[Work request]: Below are the records. Reproduce exactly the lines from the one containing "5 Quick Lunch" through the final line, and omit any pictures.

(Beginning of Provided information)

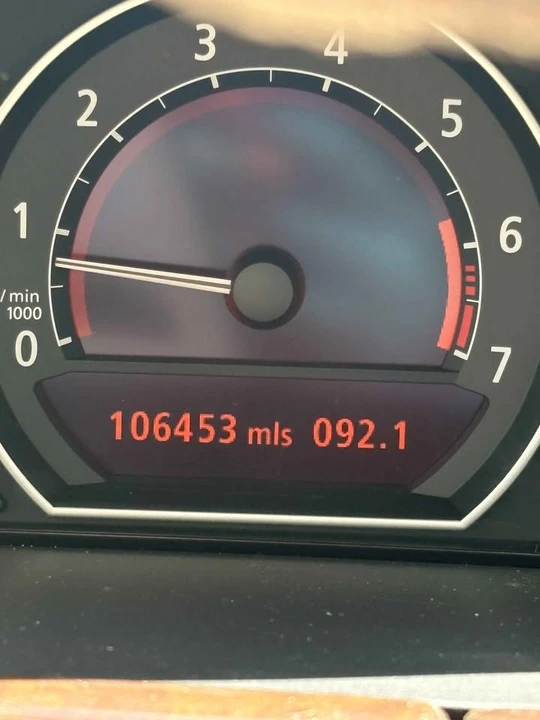 2007 BMW E65/E66 750i & 760i Sedan - Image 17 of 18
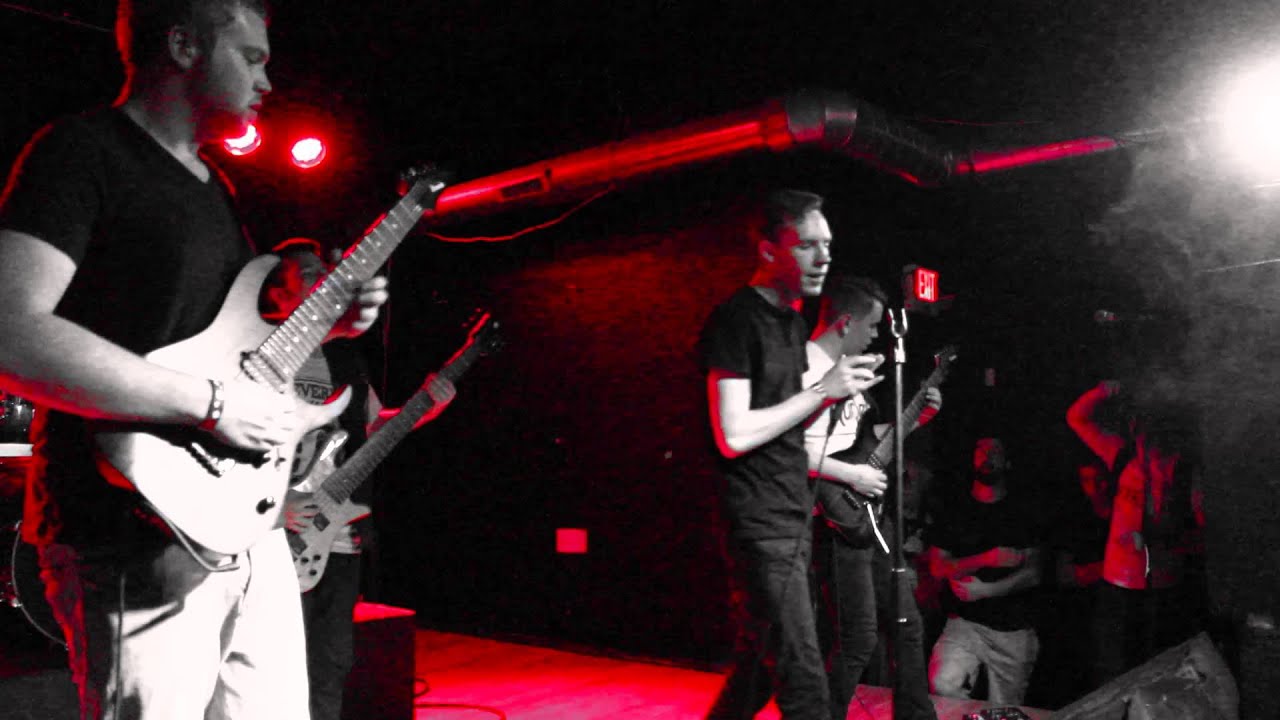 Shapist - Samsara (The Shape Djam) Live Music Video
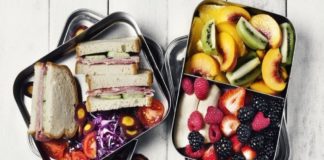 5 Quick Lunch Recipes To Make For Work Given Covid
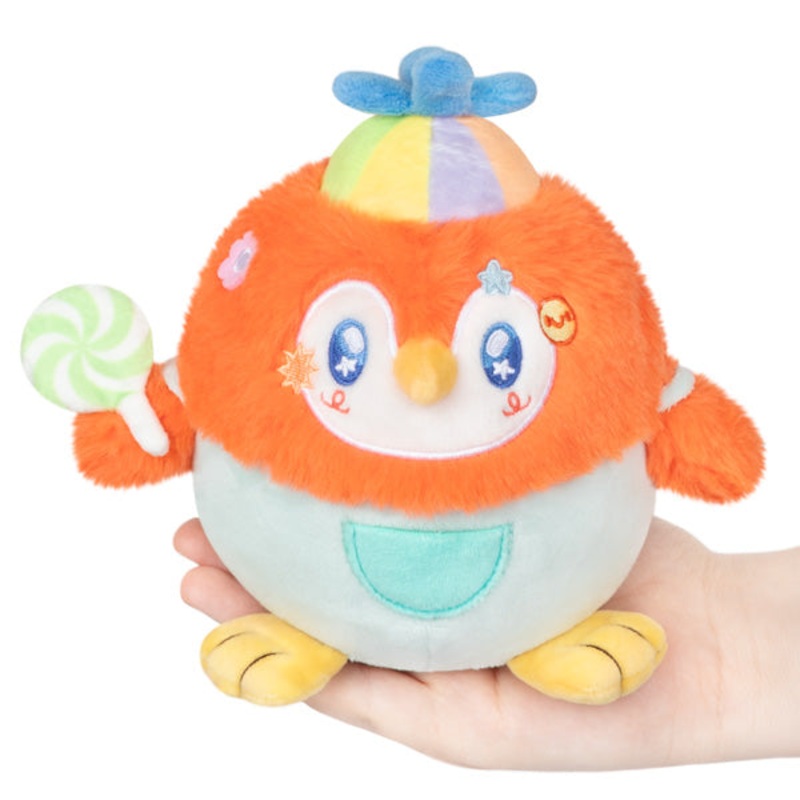 Squishable Alter Ego Kiddie Penguin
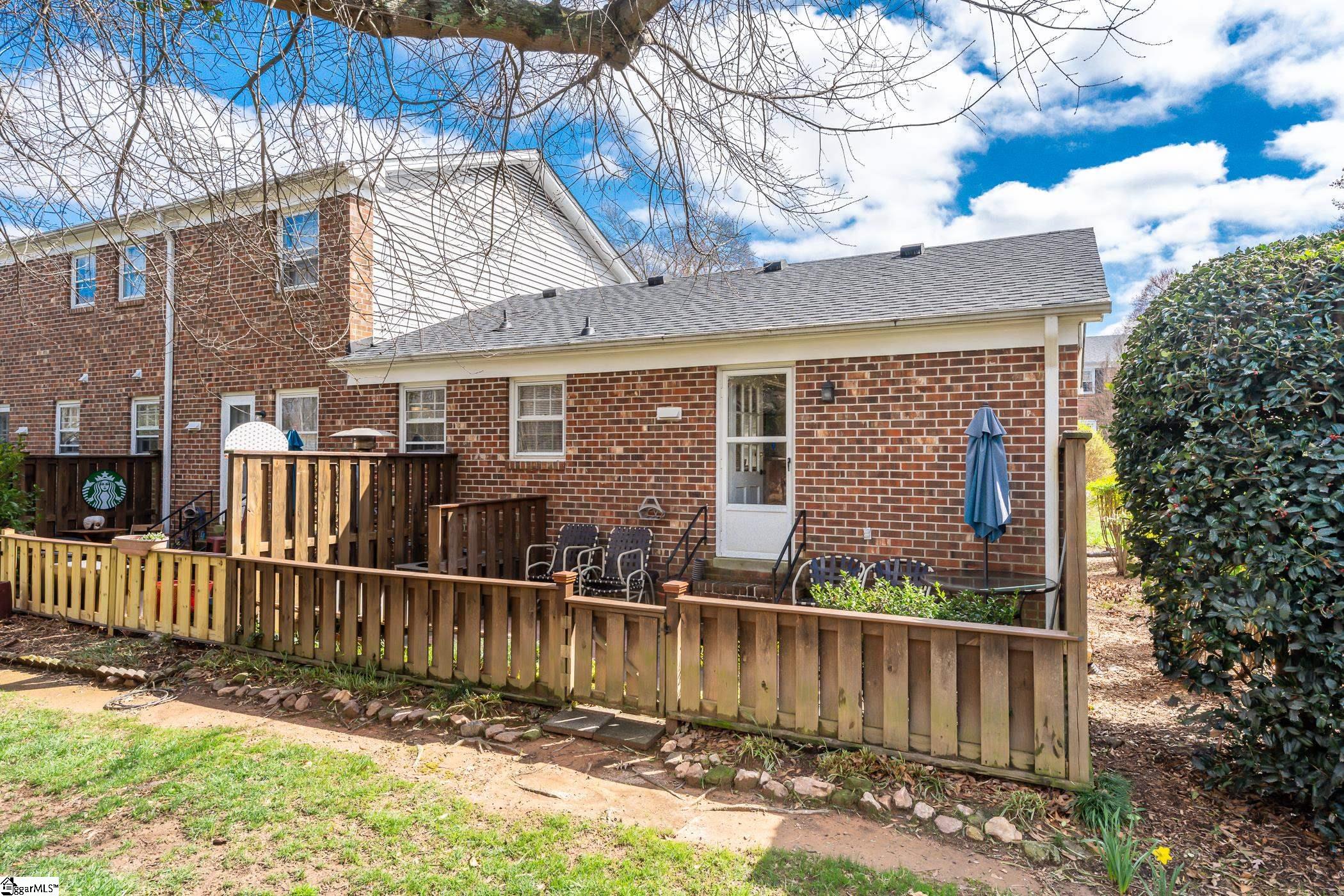 815 Edwards Road, Unit 32 Greenville, SC 29615 - Photo 20 of 23 Gallery Image 20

(End of Provided information)

[Response area]:
 5 Quick Lunch Recipes To Make For Work Given Covid
 Squishable Alter Ego Kiddie Penguin
 815 Edwards Road, Unit 32 Greenville, SC 29615 - Photo 20 of 23 Gallery Image 20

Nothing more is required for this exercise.